Les vignes de la plaine de Catane fournissent le vin de Syracuse : l’un des principaux établissemens est celui des frères Cassola ; d’autres crus encore, tels que le vin de Corvo, celui de Mazzara et celui de Castellamare, connu sous le nom de muscat de Sègeste, ont une certaine réputation et sont vendus soit comme vins de Sicile, soit même comme vins de Bordeaux. L’île, en effet, peut donner les produits les plus variés, et rien n’empêcherait, en améliorant les procédés de fabrication, d’en obtenir de tous les prix et pour tous les goûts. Il est regrettable d’obliger les consommateurs qui préfèrent les vins légers aux vins alcooliques, à boire en Sicile des vins de Toscane.
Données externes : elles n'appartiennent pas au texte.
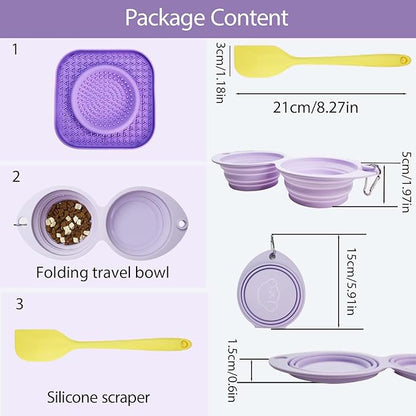 Dog Lick Bowl Mat Purple, Anxiety Relief Lick Mat for Pets, Silicone Slow Feeder Mat, Dishwasher Safe - Collapsible Dog Water Bowl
L’étendue cultivée en vignes est de 480,000 hectares environ, produisant annuellement de 2,400,000 à 2,800,000 hectolitres, qui, au taux moyen de 35 francs l’un, pris sur place après la vendange, représentent une valeur de 84 à 98 millions. Une grande partie de ce vin est destinée à l’étranger. En 1882, il en a été exporté en fûts, dans les pays autres que l’Italie, 116,151 hectolitres. À ce chiffre il faut ajouter le vin expédié en bouteilles, dont le nombre, pour la seule province de Trapani, a été de 29,000. La même année, l’Italie entière a exporté 1,312,388 hectolitres et 1,946,100 bouteilles, tandis qu’elle n’a importé que 57,610 hectolitres et 313,500 bouteilles.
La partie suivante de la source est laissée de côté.